- Opening Delimiter -
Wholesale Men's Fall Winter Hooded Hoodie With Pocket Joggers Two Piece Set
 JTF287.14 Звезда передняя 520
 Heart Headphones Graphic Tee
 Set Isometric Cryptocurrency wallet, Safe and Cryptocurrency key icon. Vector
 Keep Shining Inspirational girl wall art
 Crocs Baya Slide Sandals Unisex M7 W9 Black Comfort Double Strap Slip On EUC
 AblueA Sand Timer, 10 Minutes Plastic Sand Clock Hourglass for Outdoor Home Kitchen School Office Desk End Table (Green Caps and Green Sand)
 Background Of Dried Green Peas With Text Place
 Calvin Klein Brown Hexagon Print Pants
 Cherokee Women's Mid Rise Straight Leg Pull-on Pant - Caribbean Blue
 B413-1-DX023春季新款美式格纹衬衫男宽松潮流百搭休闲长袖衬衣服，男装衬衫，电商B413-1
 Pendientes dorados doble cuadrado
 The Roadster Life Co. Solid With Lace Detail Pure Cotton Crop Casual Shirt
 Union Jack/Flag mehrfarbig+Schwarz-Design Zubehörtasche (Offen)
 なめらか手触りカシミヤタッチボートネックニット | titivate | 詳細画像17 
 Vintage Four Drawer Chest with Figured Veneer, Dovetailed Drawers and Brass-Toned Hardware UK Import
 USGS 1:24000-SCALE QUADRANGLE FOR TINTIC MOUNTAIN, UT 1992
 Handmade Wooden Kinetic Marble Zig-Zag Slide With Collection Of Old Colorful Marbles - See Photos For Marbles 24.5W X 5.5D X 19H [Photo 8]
- Closing Delimiter -
[Exercise]:
Only the stretch of lines that begins with the one holding "JTF287.14 Звезда передняя 520" and ends with the last line above belongs in the answer; please write it out exactly.

[Answer]:
 JTF287.14 Звезда передняя 520
 Heart Headphones Graphic Tee
 Set Isometric Cryptocurrency wallet, Safe and Cryptocurrency key icon. Vector
 Keep Shining Inspirational girl wall art
 Crocs Baya Slide Sandals Unisex M7 W9 Black Comfort Double Strap Slip On EUC
 AblueA Sand Timer, 10 Minutes Plastic Sand Clock Hourglass for Outdoor Home Kitchen School Office Desk End Table (Green Caps and Green Sand)
 Background Of Dried Green Peas With Text Place
 Calvin Klein Brown Hexagon Print Pants
 Cherokee Women's Mid Rise Straight Leg Pull-on Pant - Caribbean Blue
 B413-1-DX023春季新款美式格纹衬衫男宽松潮流百搭休闲长袖衬衣服，男装衬衫，电商B413-1
 Pendientes dorados doble cuadrado
 The Roadster Life Co. Solid With Lace Detail Pure Cotton Crop Casual Shirt
 Union Jack/Flag mehrfarbig+Schwarz-Design Zubehörtasche (Offen)
 なめらか手触りカシミヤタッチボートネックニット | titivate | 詳細画像17 
 Vintage Four Drawer Chest with Figured Veneer, Dovetailed Drawers and Brass-Toned Hardware UK Import
 USGS 1:24000-SCALE QUADRANGLE FOR TINTIC MOUNTAIN, UT 1992
 Handmade Wooden Kinetic Marble Zig-Zag Slide With Collection Of Old Colorful Marbles - See Photos For Marbles 24.5W X 5.5D X 19H [Photo 8]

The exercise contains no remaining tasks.